Although precious few fiction
films were made about the Vietnam War while it was still raging, the late ’70s
produced a number of thoughtful pictures about the war’s history, impact, and
legacy. Yet not all such movies were created equal. Compared to the other 1978
releases Coming Home and The Deer Hunter, for instance, Go Tell the Spartans feels
old-fashioned, stylized, and even obsolete. After all, the picture is set in
1964, when U.S. involvement in Indochina was still limited to “military advisors,”
so the whole film unfolds as a warning about the dangers and pointlessness of
an expanded American role. Had this picture been made in the late ’60s, when
the underlying material originated—Daniel Ford’s novel Incident at Muc Wa was published in 1967—Go Tell the Spartans could have been politically incendiary.
Arriving three years after the end of the Vietnam War, the picture is elegiac
but also something of an unnecessary told-ya-so lecture. This is not to say
that Go Tell the Spartans is a weak
picture. Quite to the contrary, it’s a brisk and powerful tragedy laced with
dark humor and deep pathos. But timing is everything, and the moment for Go Tell the Spartans to influence public
opinion passed long before the film was made.
In any event, Burt Lancaster
stars as Major Asa Barker, a lifelong Army man tasked with supervising military
advisors in a violent section of South Vietnam.

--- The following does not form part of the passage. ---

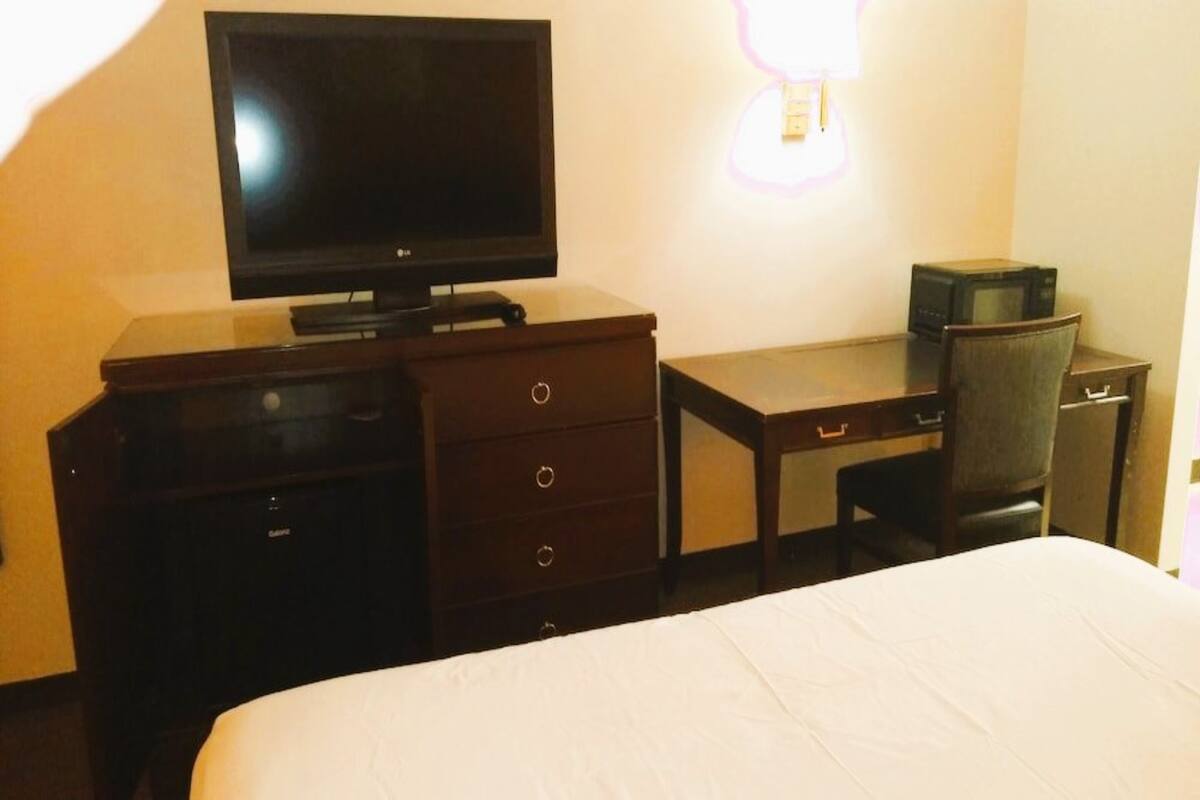Desk, iron/ironing board, free WiFi, bed sheets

Barker is a cigar-chomping cynic
who hates authority, and Lancaster invests the role with an endearing stripe of
amused world-weariness. When Barker is ordered to establish a garrison around a
seemingly insignificant village called Muc Wa, he sends a group of losers and
misfits under the command of inexperienced Lieutenant Hamilton (Joe Unger). Also
in the Muc Wa detachment are Sgt. Obleonowski (Johathan Goldsmith), an
experienced NCO who’s struggling with battle fatigue, and Corporal Courcey
(Craig Wasson), a principled draftee whose naïveté about military conflict fascinates
Barker. The soldiers’ tenure in Muc Wa is fraught with unexpected hardships,
and it soon becomes clear the village is dead center in the path of a massive
North Vietnamese invasion force. Thus, the Army’s entanglement in Muc Wa
becomes a metaphor representing America’s involvement in Vietnam—an unwinnable
fight against an unstoppable enemy in unfamiliar terrain.
Were it not for the
script’s plentiful jokes, many of which Lancaster delivers with sublime charm, Go Tell the Spartans would feel
impossibly schematic and strident. Further, much of the film is TV-sized
instead of feature-sized, with director Ted Post obviously inhibited by a tight budget. Happily, interesting performances compensates for the meager
production values: In addition to character actors David Clennon, Clyde
Kusatsu, James Hong, and Dolph Sweet (all of whom deliver their usual crisp
work), supporting players including Goldsmith, Watson, and Marc Singer
contribute impassioned portrayals that underscore the film’s theme of war’s
terrible human cost.
Go Tell the Spartans: GROOVY
2 comments:
I agree Peter. This film should be far better known, because the overall message is still relevant. Hell, it's timeless. More terrific late-career work from Lancaster, and the film is well made despite the constraints.
Quite a diverse filmography from Post, to go from HANG 'EM HIGH to HARRAD EXPERIMENT to THE BABY to this, just to name a few.
My father has always admired and appreciated this movie.